Healthcare data is complex. Identifying members across multiple data sets to create a picture of an individual’s health journey requires a level of analytic sophistication that was not historically available to most employers. The goal is to make the information actionable for both employers and employees. The challenge lies in presenting solutions to individuals at a time and in a manner that will make them more likely to take action.
Employers have historically attempted to address these issues by offering multiple programs designed to target individuals with particular needs. However, without sophisticated data and a comprehensive engagement strategy, these efforts are needlessly expensive and ineffective. The programs tend to duplicate each other’s features, and the layering of multiple vendors and touch-points adds to the complexity of the health benefits program. This lack of focus often ends up discouraging the very program participation they were intended to promote.
The sad truth is that it is difficult to get people focused on their health. Using a “Big Data” approach, we can aggregate data from multiple sources from medical claims, prescriptions and biometric screening results. We can identify an individual’s health status, and using this information, determine steps that can be taken to reduce future medical risks. We then can determine if gaps in recommended care exist to improve someone’s health, and if they do, initiate steps to get the employee to attend to these needs.

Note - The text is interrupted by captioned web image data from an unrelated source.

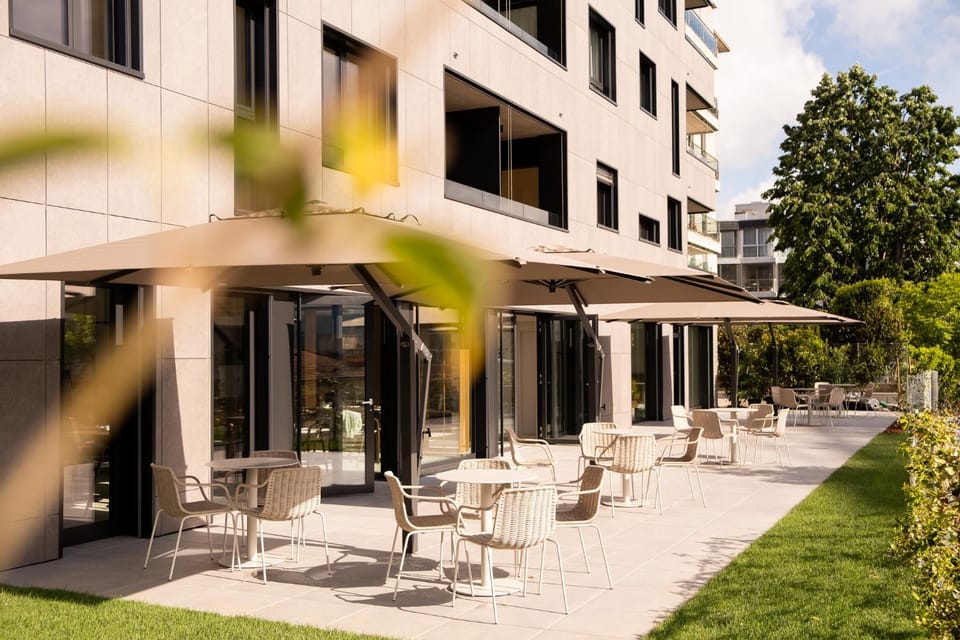 Restaurant/places to eat, Breakfast, Lunch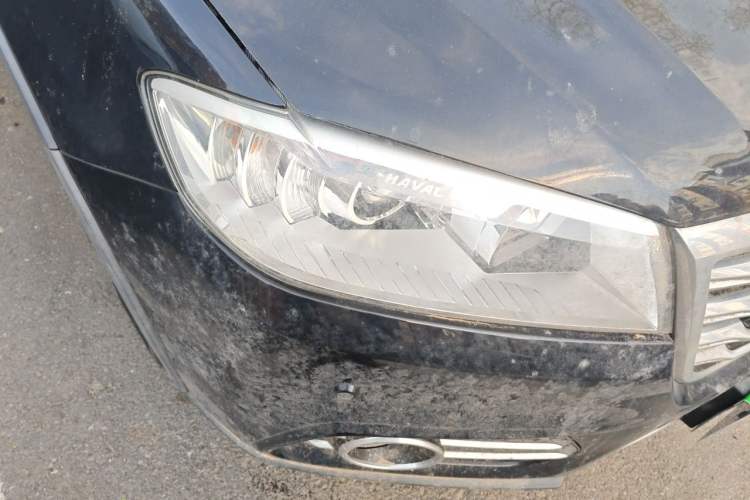 Used Haval H6 2015 Sport Edition 1.5T Automatic Two-Wheel Drive Luxury Model Right Front Headlight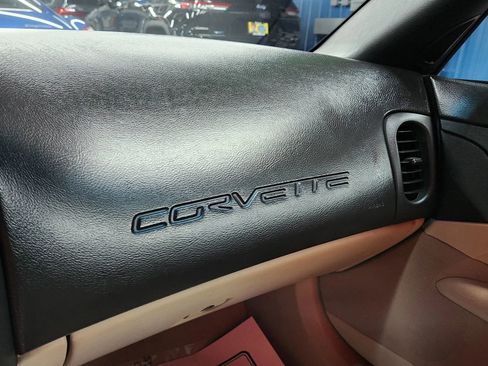 Used 2007 Chevrolet Corvette Convertible w/ Preferred Equipment Group image 34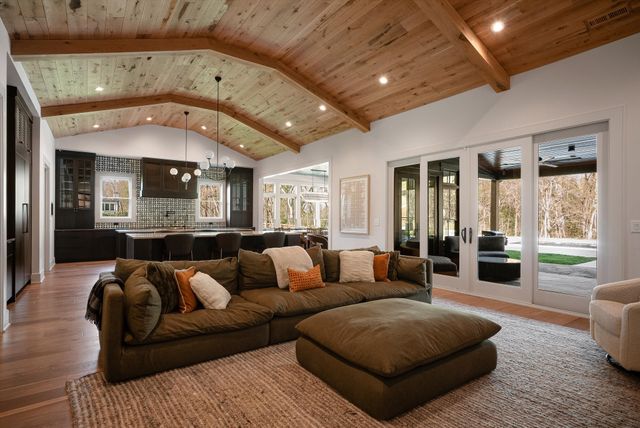 6904 Farm Path Ln, College Grove, TN 37046
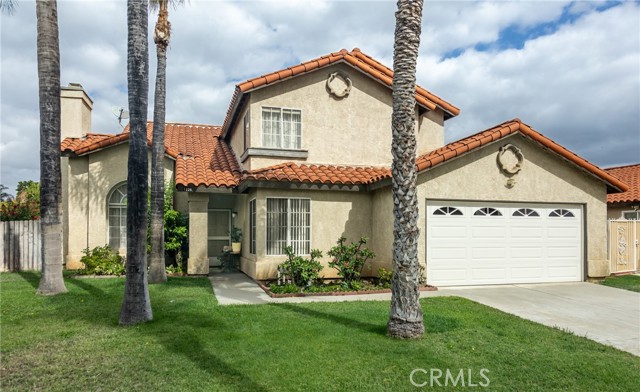 Detail Gallery Image 4 of 27 For 1228 W Woodcrest Street, Bloomington,  CA 92316 - 5 Beds | 2/1 Baths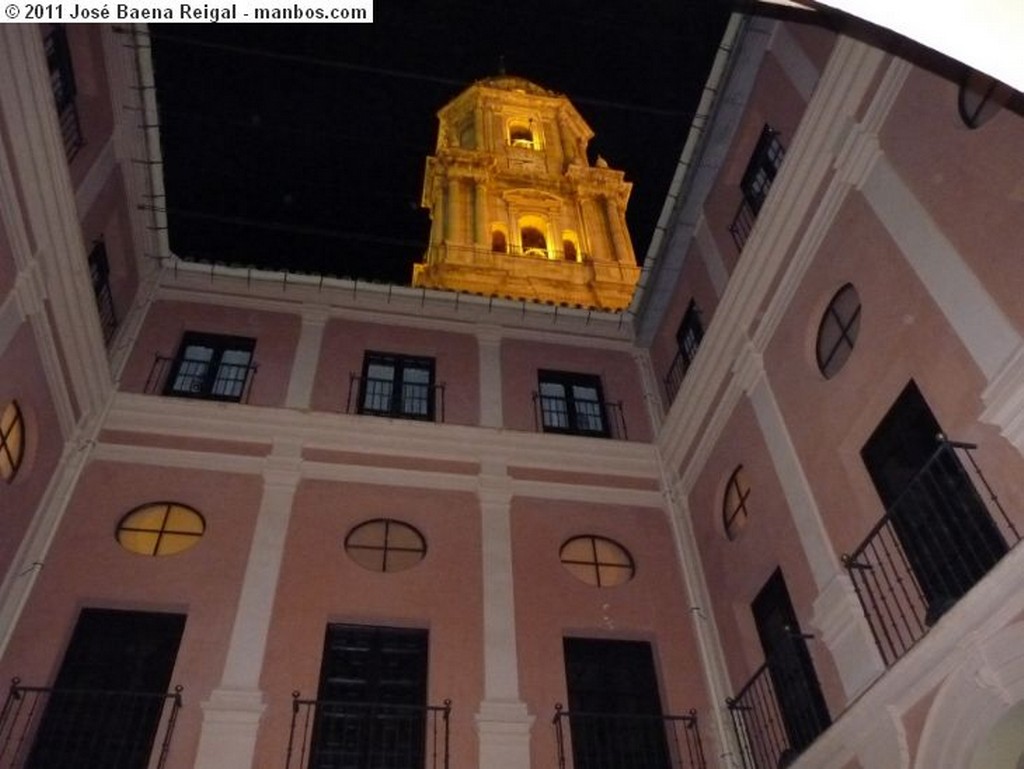 Foto de Malaga, Patio del Palacio Episcopal, España - Torre de la Catedral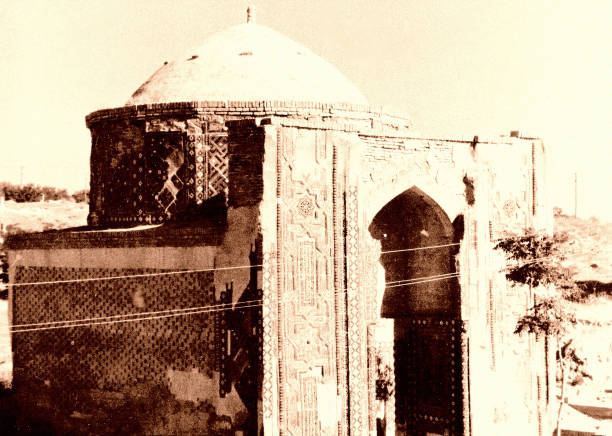 istock Old Samarkand Shakhi-Zindah Mausoleum 1962 836322192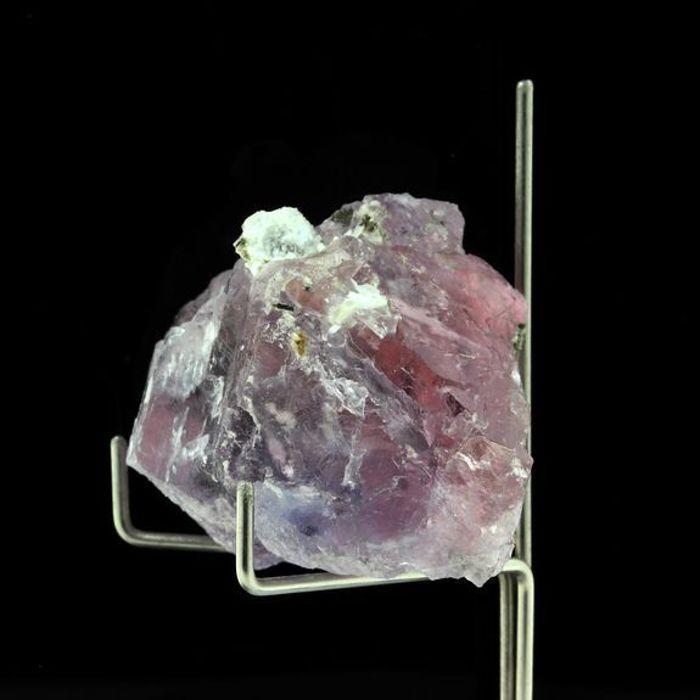 Pierres et Minéraux. Fluorite Rose. 408.0 ct. Talèfre, Massif du Mont-Blanc, France.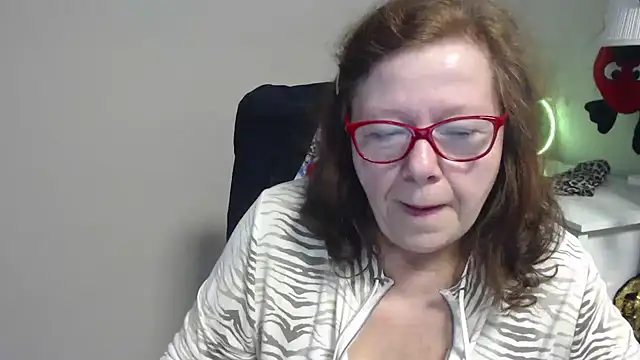 Snapshot of Adelewildx chatting on 03/18/25, 10:25 Adelewildx online show from 03/18/25, 10:25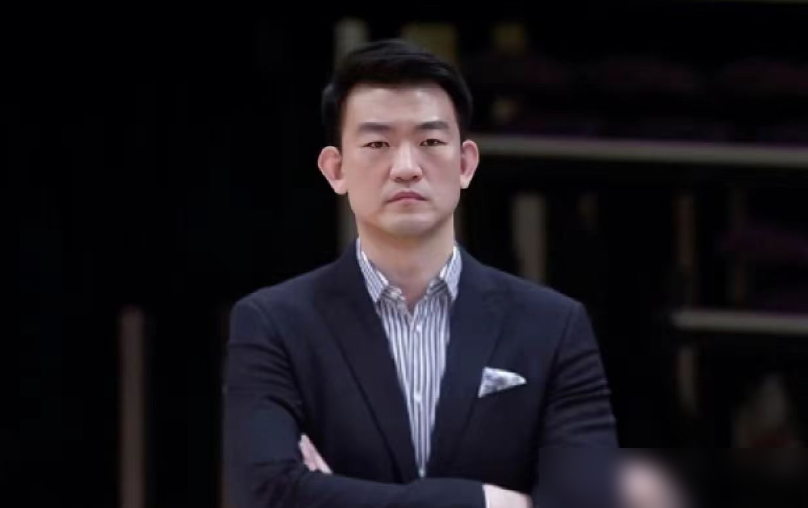 广厦这操作，等于把枪递给对手，再让人家拿枪指着自己脑袋。
休赛期财务一收紧，布朗、桑普森直接被北京打包签走，赵嘉仁、赵岩昊也放走了。阵容拆得就剩胡金秋、孙铭徽、朱俊龙三根骨头。
媒体战力榜直接给踢出争冠第一梯队，话里话外就仨字：不行了。
结果10月17日揭幕战，主场硬是把山西啃下来了。王博赛后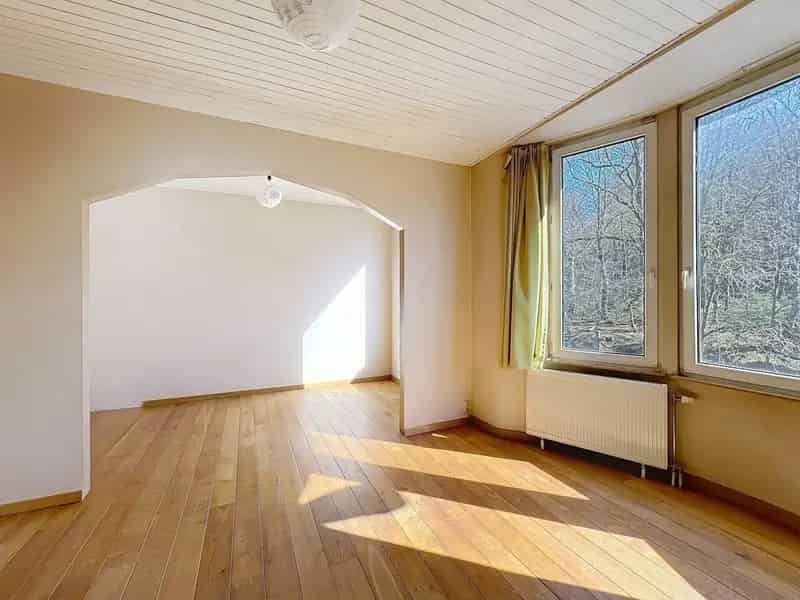 1 Slaapkamer Appartement te Moderniseren Nabij Dudenpark Vorst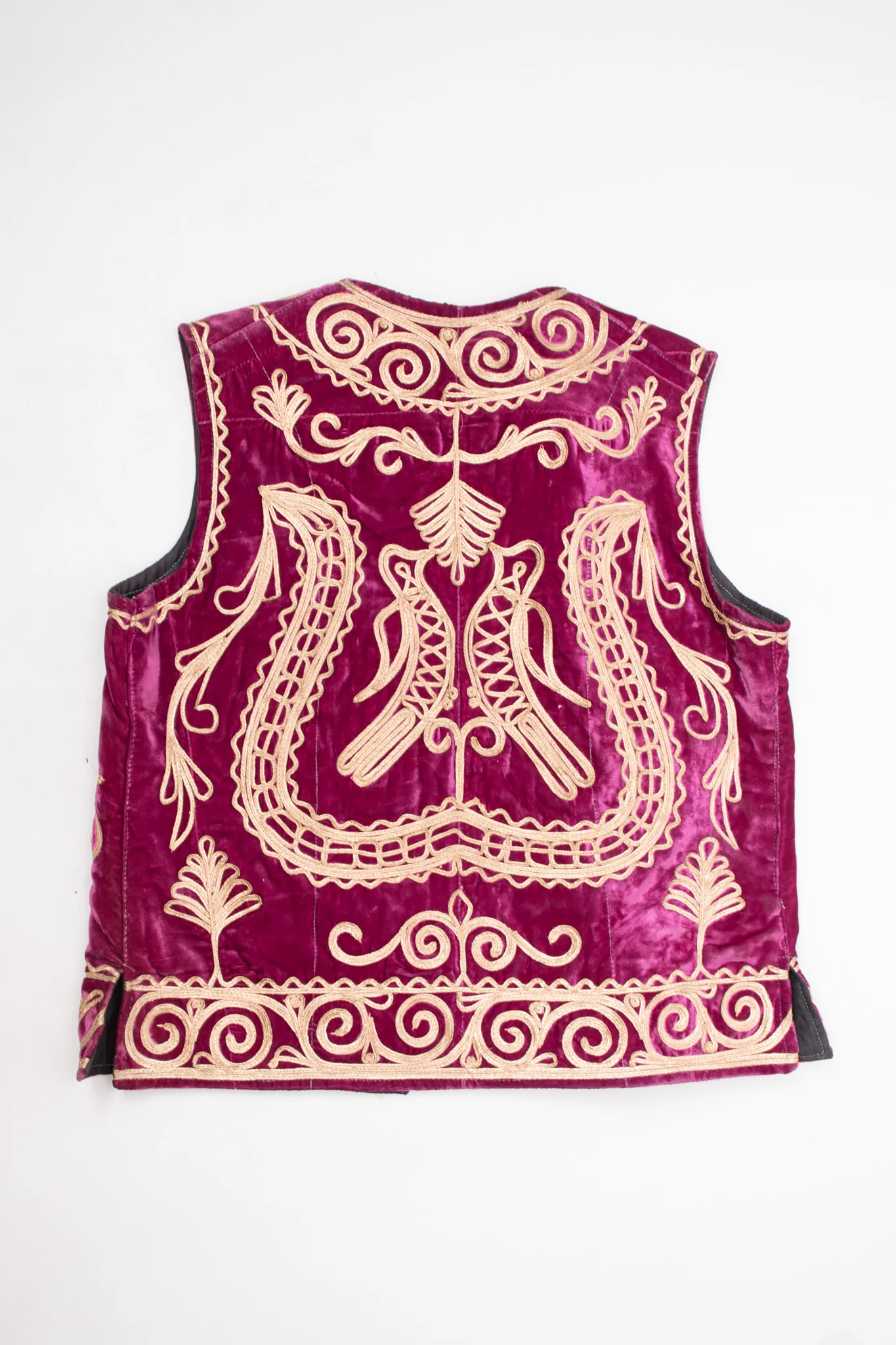 Velvet Embellished Vest - Image 10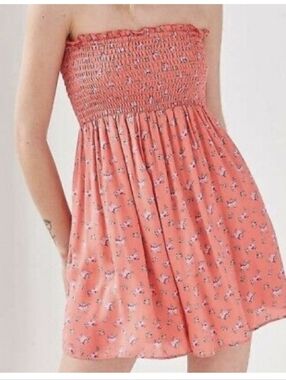 Urban Outfitters Kimchi Blue Coral Floral Strapless Romper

The additional benefit of applying a data-driven strategy to managing workforce health is the speed with which information can be made available, as the data is updated and reviewed on a monthly basis. This allows the employer to evaluate results and implement new strategies and programs to address continuing challenges. A good benefits advisor should be consultative in this review, providing not only insights from the trends reflected in the data, but also applying predictive modeling that shows where costs are likely to go in the future. Then, the right data analytics vendor provides an ability to track the results of any given implemented strategy and builds in accountability for all stakeholders: Is our strategy working to improve employee health and reduce plan spend? If results or engagement aren’t meeting expectations, let’s not waste time and money, but let’s find a different solution!
Employee populations can be ever-changing. Our goal at Group Alternatives is to improve employee health while reducing plan costs. Building strategies based on continuous data analytics and predictive modeling can have a significant impact on engagement, outcomes and medical costs. Wouldn’t you rather know your population’s cost drivers and gaps in care (what’s in your fridge?) before you go shopping for solutions that you may or may not need?